Zooming right along.
I’ve been attending a Zoom meeting every morning at 7 am, pretty much every day now that I’m not working. I even attended when we went away for Thanksgiving. This is far more AA than I’ve been to since I was new and attending 90 in 90. I’m still going to my regular Saturday night group most of the time. A meeting I used to go to in person on Sunday nights has moved to Zoom and I attend that. I also usually attend another meeting or two a week, and that is for a me a lot of meetings. The Saturday, Sunday, maybe another meeting is what I used to do before Covid and before I stopped working.
The Zoom every morning has been very interesting. My first ever AA meeting was in 1978, and I’ve attended more or less at least once a week, usually more, since then until now. In the late 90s I attended online meetings where you would type into a sort of chat what you wanted to say. It was tedious to say the least. As my kids got old enough to leave home alone I stopped doing online meetings until the shut down.
This online meeting meets every morning at 7 am. Between 70 and 90 people attend, with many regulars. There are a core of people who chair the meeting, bring up topics, and reliably share during the meeting. There’s a treasurer and a secretary and calendar keepers who keep track of who will chair. This meeting has “pop ups” where they gather in person out of doors once a month, and I went to one of those over the summer.

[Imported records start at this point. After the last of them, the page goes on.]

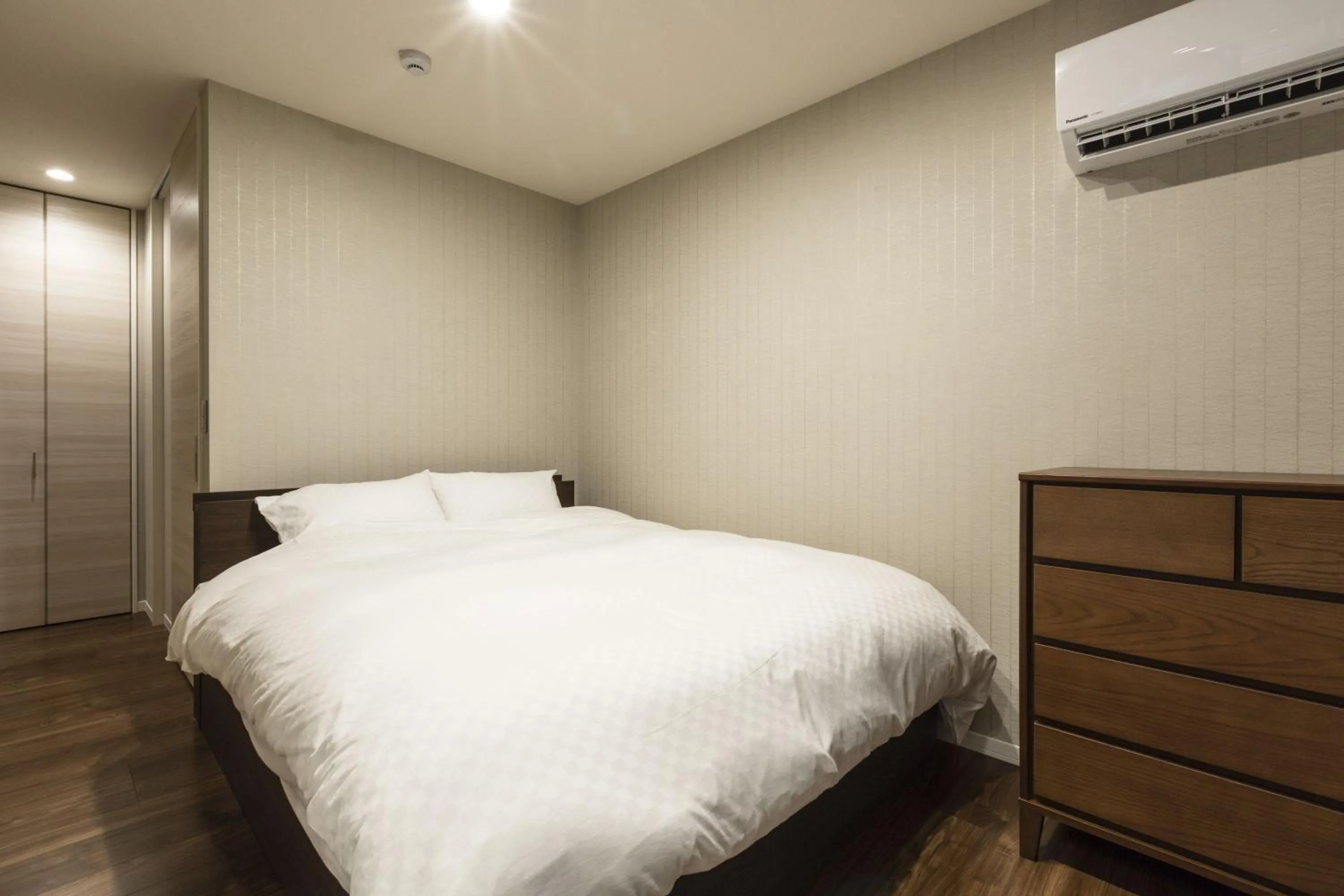 Bed in Kyo no yado en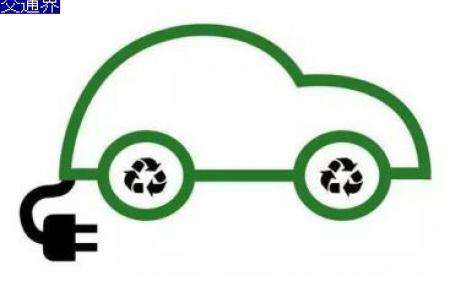 海汽集团积极布局新能源汽车产业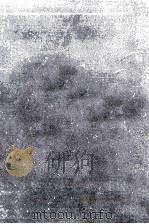民法概論 1（1987.04 PDF版）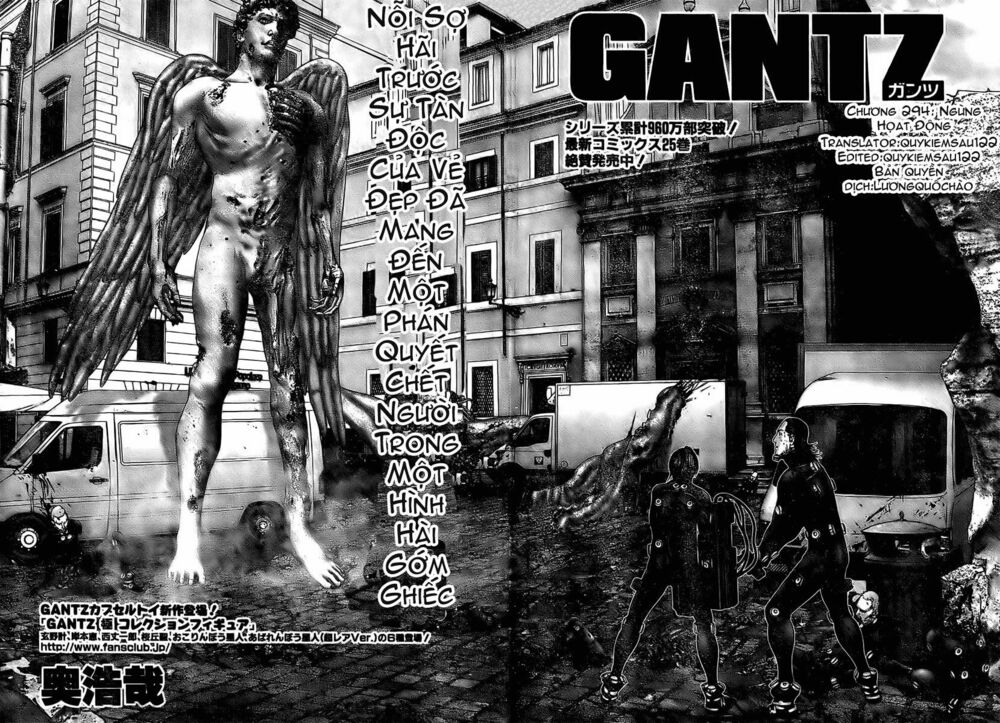 Gantz: Chapter 294: Ngừng hoạt động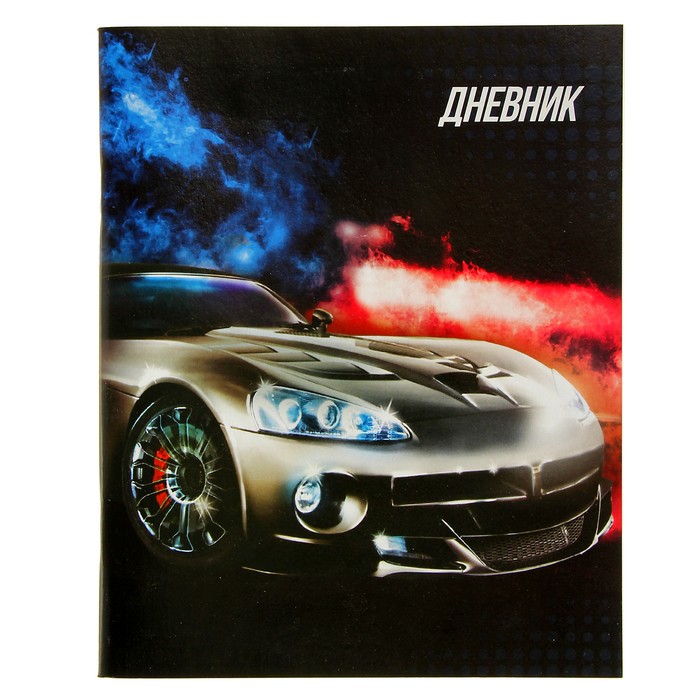 Дневник универсальный 1-11 класс "Машинка", мягкая обложка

There are Zoom bombers who either play ridiculously (children with drawn on mustaches and eyebrows telling us how long they’ve been sober) or taken over with disgusting pornography and hateful messages in the chat. An online intergroup has been formed and this meeting has a representative.
People from around the world visit this meeting and that is amazing. Some of them want to tell their story, which isn’t fun. I picture these folks going from meeting to meeting wanting to command the attention of internet strangers. The chat is left open, and people post encouraging messages and quotes from relevant literature.

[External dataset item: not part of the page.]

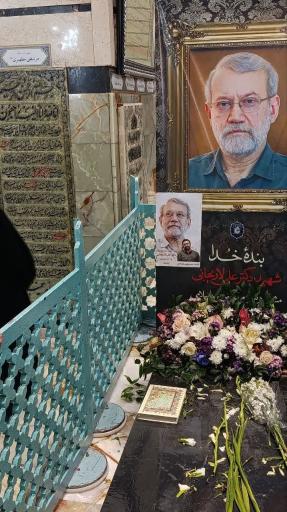 عکس مزار شهید دکتر علی لاریجانی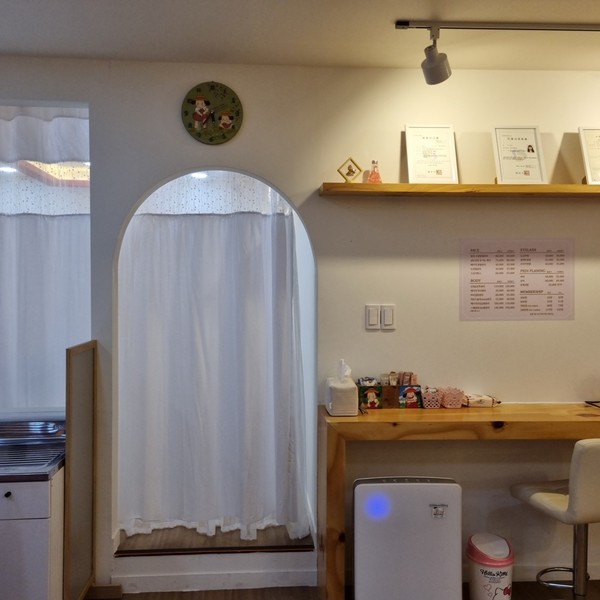 [경남 양산] 제이영뷰티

For me, and for others who have commented, this meeting gives me a structure that not working has taken away. I set my alarm for 630 and sometimes hit the snooze. If I fall back to sleep I always make it out of bed by 7, almost always before. As I listen to the before meeting chatter I try to feed the cat (I offer him food anyway), make coffee, arrange myself. As the announcements go on (too long, but I don’t comment because I haven’t joined the meeting because I don’t want a venmo account) I check email or real estate and by the time they’re ready, I’m ready.

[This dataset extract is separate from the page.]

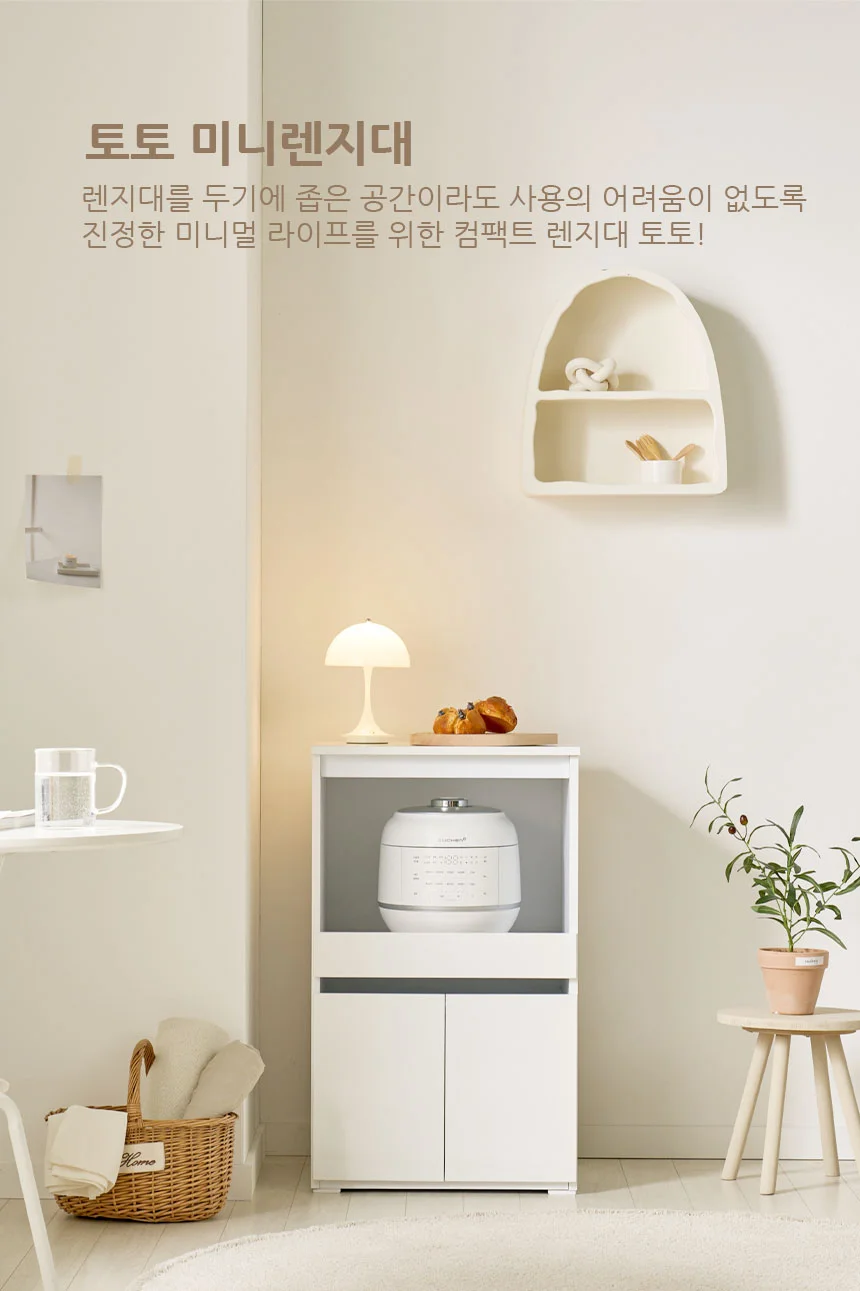 j0108 ToTo 미니렌지대 주방수납장 정수기다이 렌지다이 상세3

This is just a miraculous development in my AA life, one that I never imagined. It would concern me at times that there may be a day when I can no longer attend meetings but want to, but now we have people in hospitals and nursing homes attending. I’m grateful that I get to experience this evolution in AA meetings. I can try to imagine what it’s like for people just coming in, and I can imagine my younger, introverted self never venturing out in person if online had been an option back then. But my imagination can’t capture the true essence of what’s going on in this new reality. It’s added so much to my personal experience of “the program.”